Ford's life-sized Audubon-inspired paintings and prints pose thought-provoking questions about the renowned naturalist-painter. His work acts as a social and political commentary, cloaked as it is in the guise of natural history. Extinction, consumerism, cultural mis-connections, world politics, natural history and the grotesque are all repeating elements in his complex works.

The exhibit in the Center's gallery aims to raise questions of sustainability, dependency and domination, issues that will be debated during events and lectures presented throughout the project.

Dr. E. O. Wilson, one of the world's leading experts on biodiversity, will lecture on Thursday, Feb. 23 at 7 p.m. at the Presbyterian Church of the Big Wood, Ketchum. The lecture costs $10 for Center members and $15 for nonmembers. A Harvard professor and two-time Pulitzer Prize winner, Wilson will draw on ideas from his best-selling book, "The Future of Life," in which he makes a passionate plea for a new approach to the management and protection of our ecosystem.

Local conservationist for The Nature Conservancy of Idaho, Trish Klahr, presents a talk titled "Local Biodiversity" on Thursday, Feb. 9, at 7pm, in the Center's gallery, which is free of charge. The director of science for the Nature Conservancy's Idaho chapter since 1995, Klahr will explore local concerns related to the global issue of biodiversity.

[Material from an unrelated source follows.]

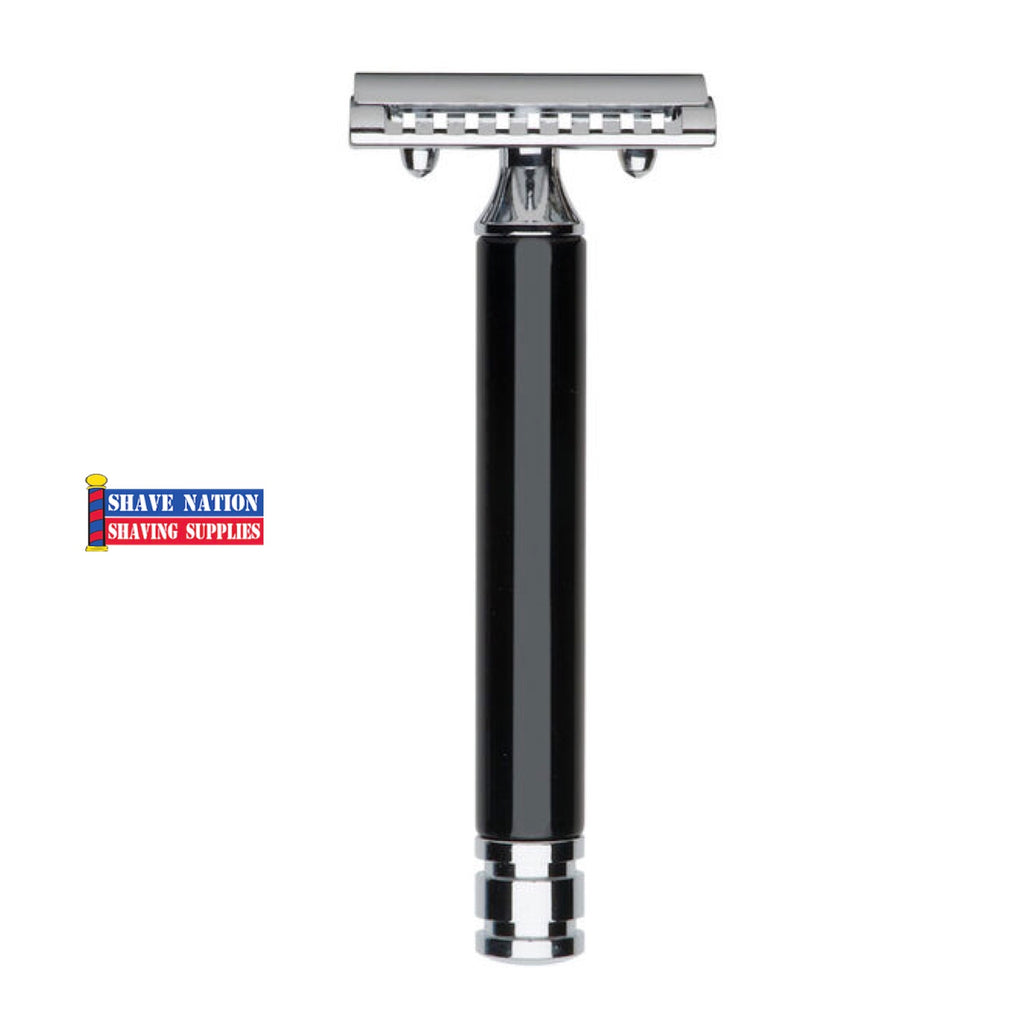 Fatip Nobile Black Tie Closed Comb Safety Razor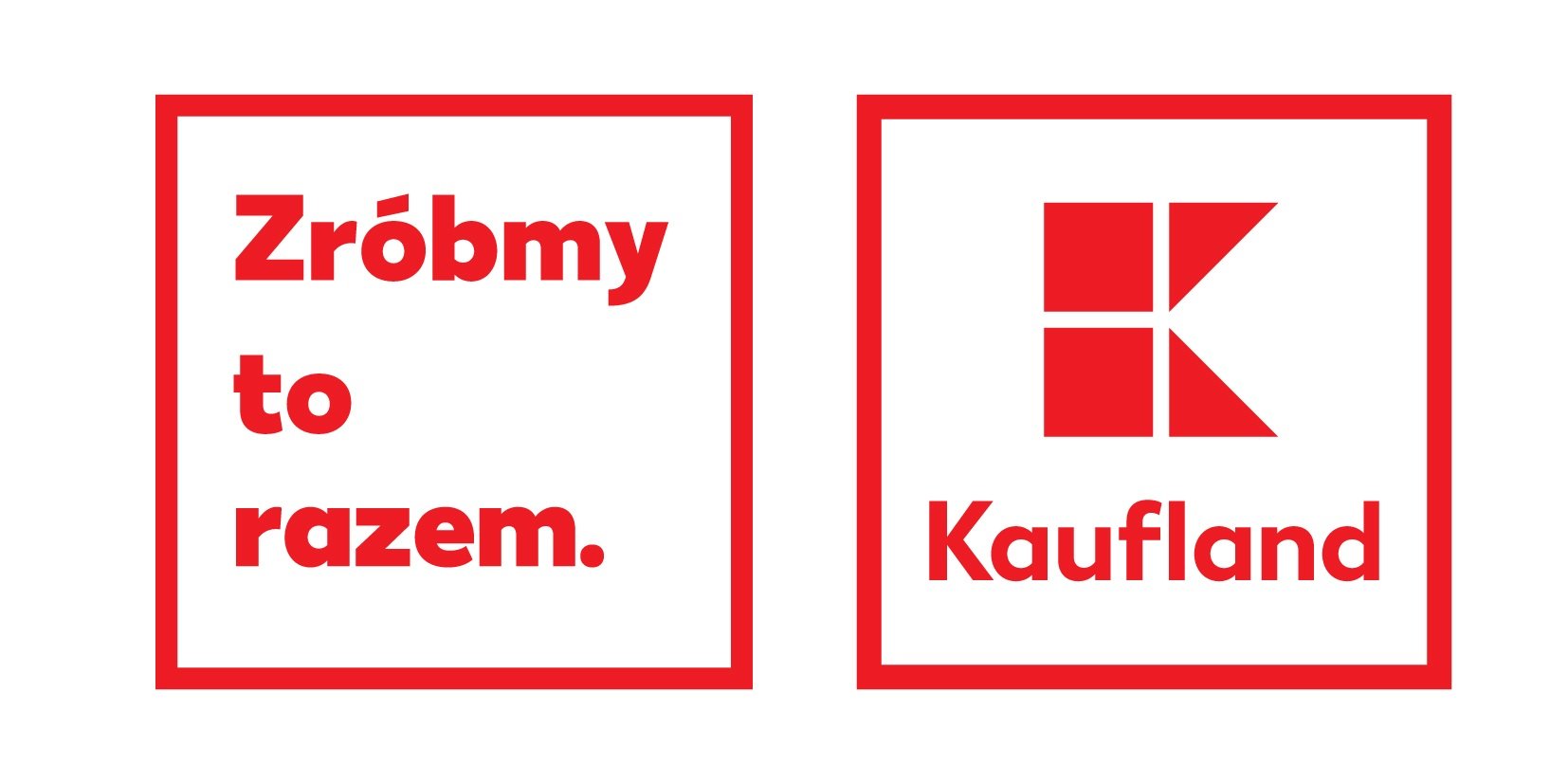 Kaufland Zróbmy to razem logo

Other events associated with the multidisciplinary project include free docent tours of the gallery exhibition every Tuesday at 2 p.m. A "Family Day," on Sunday, Feb. 12, from 3-5 p.m. at the Center, will find parents and children recording observations of natural history in field journals while uncovering clues from the past in a simulated archaeological dig that will be set up at the Center. Irina Gronborg hosts two drawing classes, "Botanical Drawing" ($150 members, $200 for non-members) and "Drawing for Beginners" ($75 members, $125 non-members), Feb. 15--17. There will also be a spring break workshop with Judy A. Hall-Griswold, March 27--30 for grade 2nd through 5th ($40 members, $65 non-members), where kids will spend the week drawing, painting and exploring nature.